TASK TO COMPLETE:
The material below is to be copied exactly from the line with "Dao of the Bizarre" up to and including the line with "Hari Bhayangkara ke-80, Kapolres", with nothing else kept and no pictures.

PROVIDED RECORDS:
*-*-*

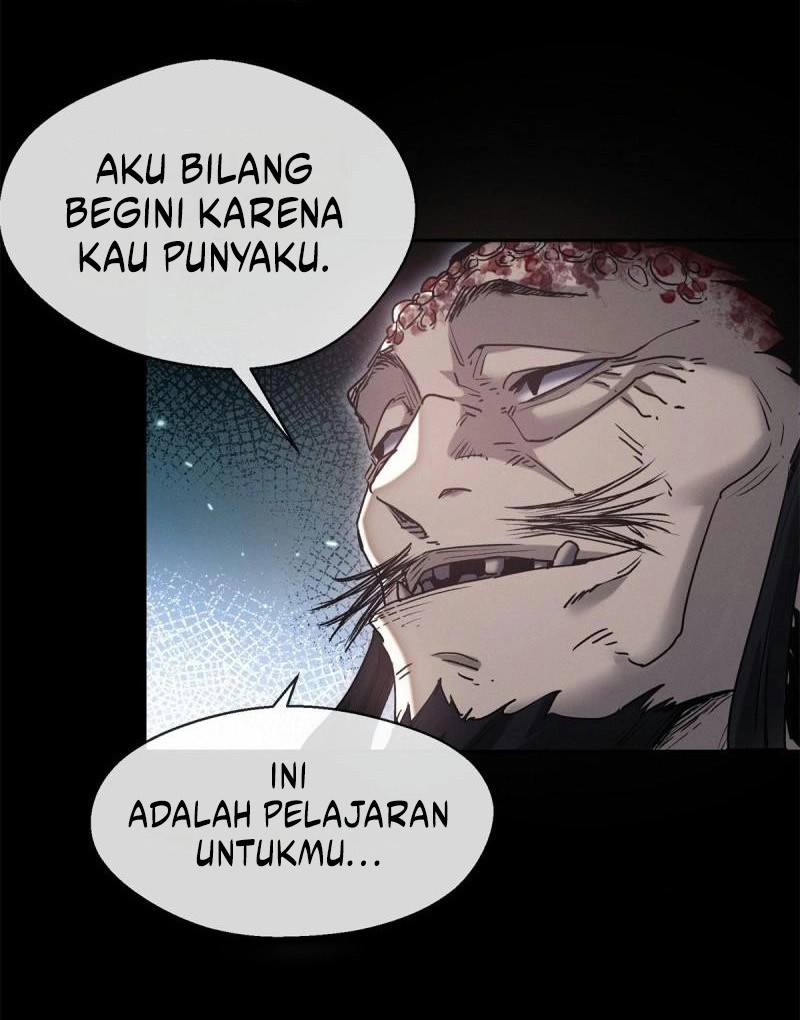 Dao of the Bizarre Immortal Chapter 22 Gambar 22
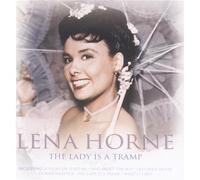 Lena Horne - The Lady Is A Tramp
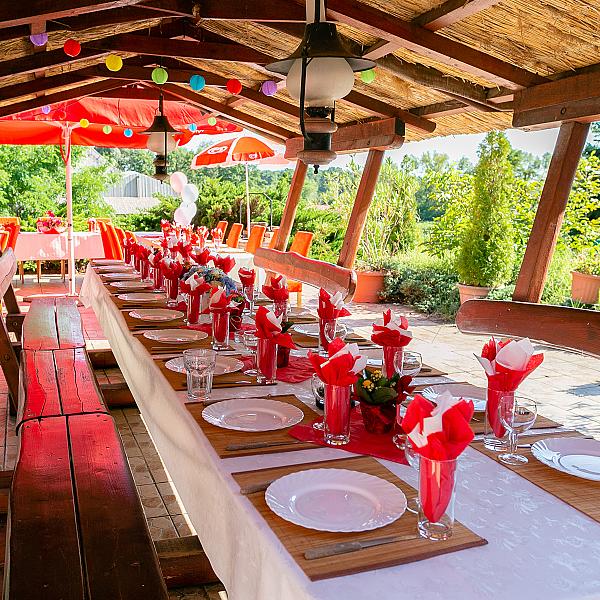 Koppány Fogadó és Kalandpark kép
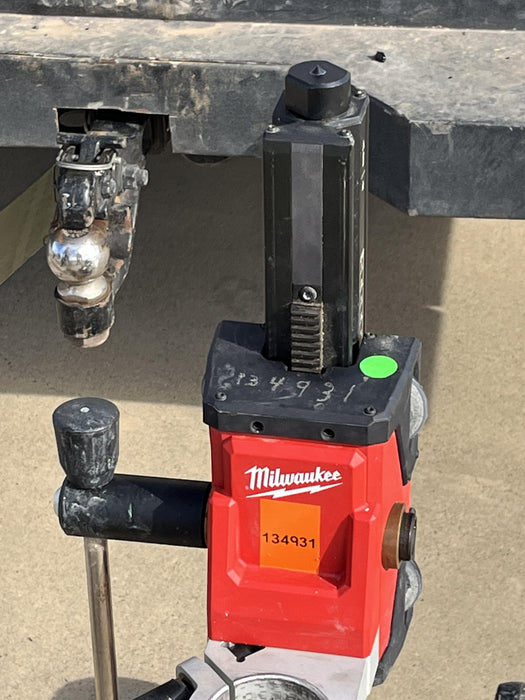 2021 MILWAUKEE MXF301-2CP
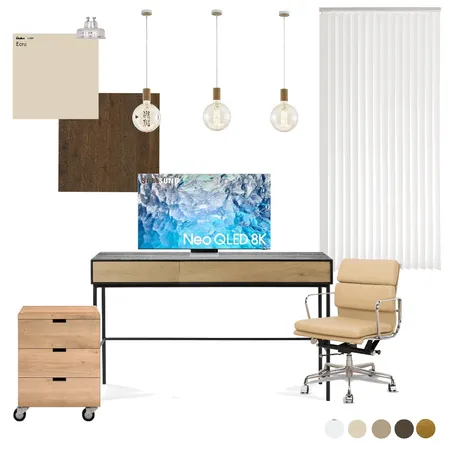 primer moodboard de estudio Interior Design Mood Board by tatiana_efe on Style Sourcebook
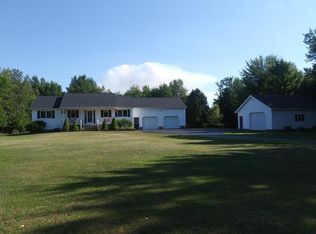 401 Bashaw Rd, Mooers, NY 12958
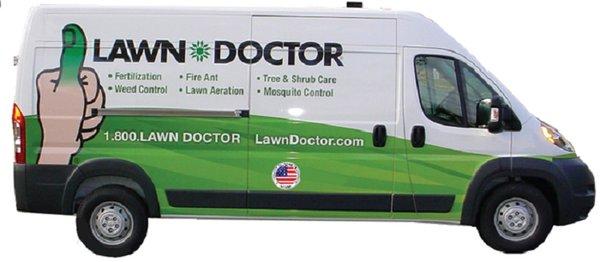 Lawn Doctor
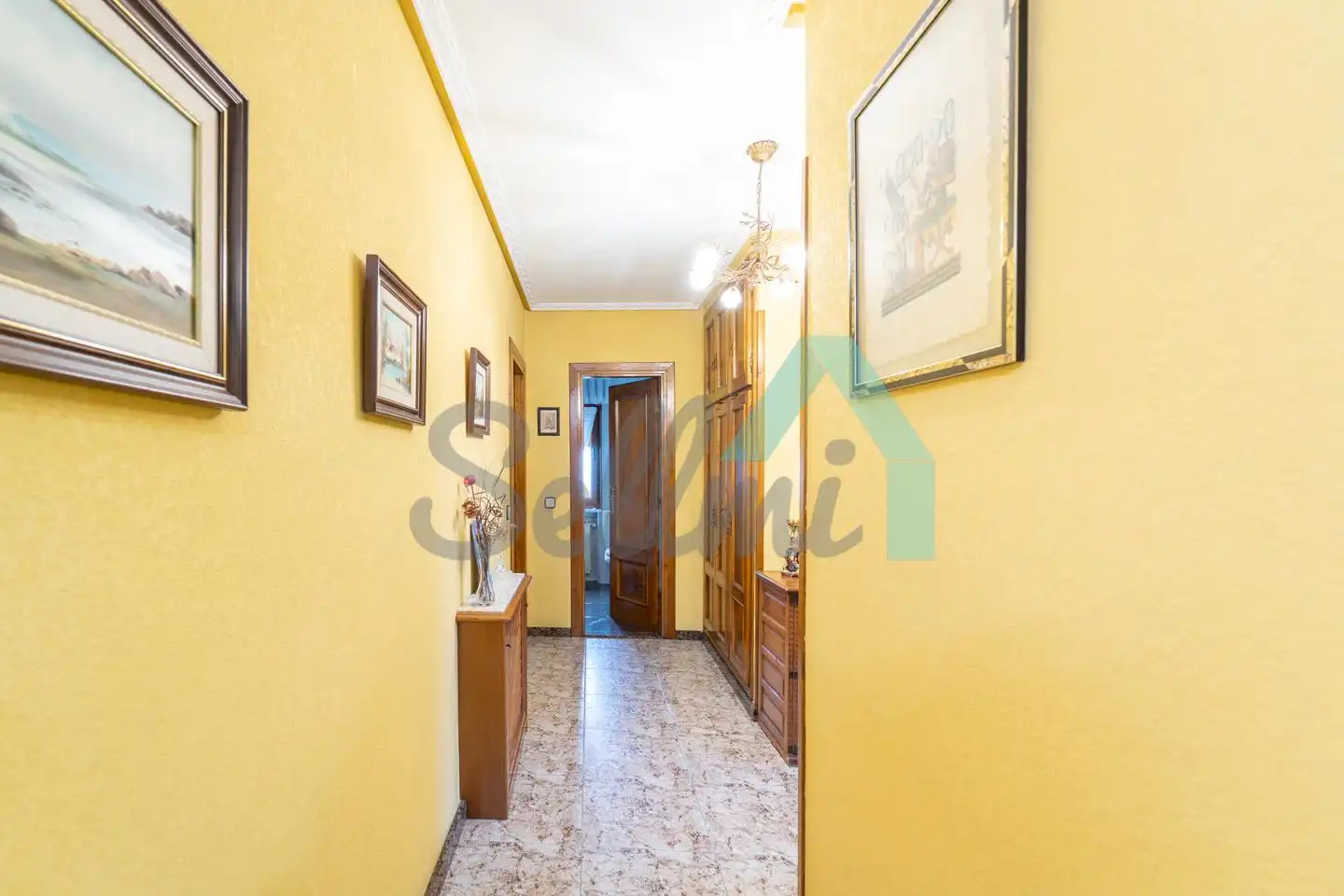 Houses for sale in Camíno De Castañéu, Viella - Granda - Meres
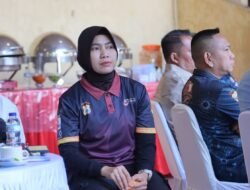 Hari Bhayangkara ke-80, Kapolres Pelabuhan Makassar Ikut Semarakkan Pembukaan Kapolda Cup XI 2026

*-*-*

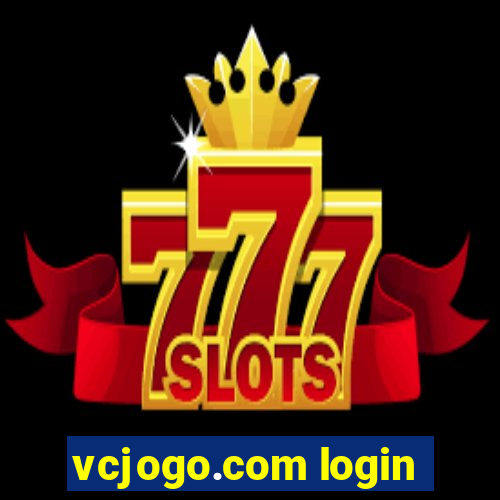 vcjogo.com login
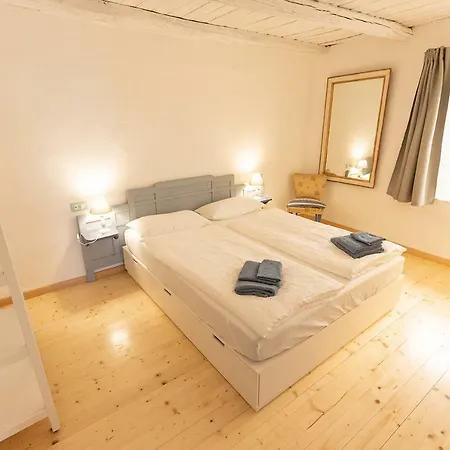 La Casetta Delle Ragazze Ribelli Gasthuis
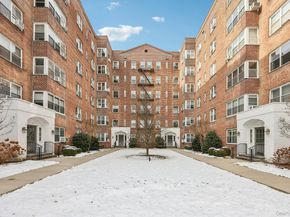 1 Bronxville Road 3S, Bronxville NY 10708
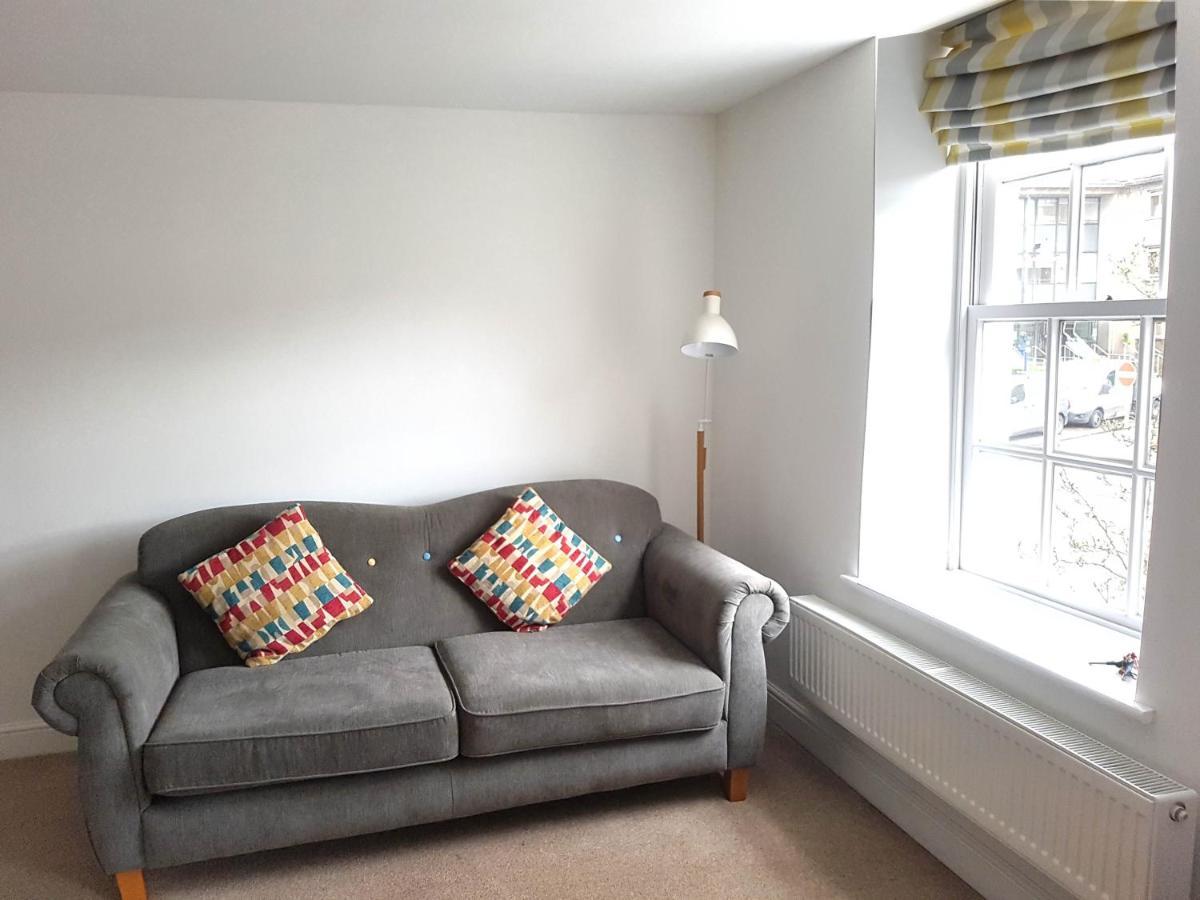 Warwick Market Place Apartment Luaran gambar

*-*-*

OUTPUT OF THE EXERCISE:
 Dao of the Bizarre Immortal Chapter 22 Gambar 22
 Lena Horne - The Lady Is A Tramp
 Koppány Fogadó és Kalandpark kép
 2021 MILWAUKEE MXF301-2CP
 primer moodboard de estudio Interior Design Mood Board by tatiana_efe on Style Sourcebook
 401 Bashaw Rd, Mooers, NY 12958
 Lawn Doctor
 Houses for sale in Camíno De Castañéu, Viella - Granda - Meres
 Hari Bhayangkara ke-80, Kapolres Pelabuhan Makassar Ikut Semarakkan Pembukaan Kapolda Cup XI 2026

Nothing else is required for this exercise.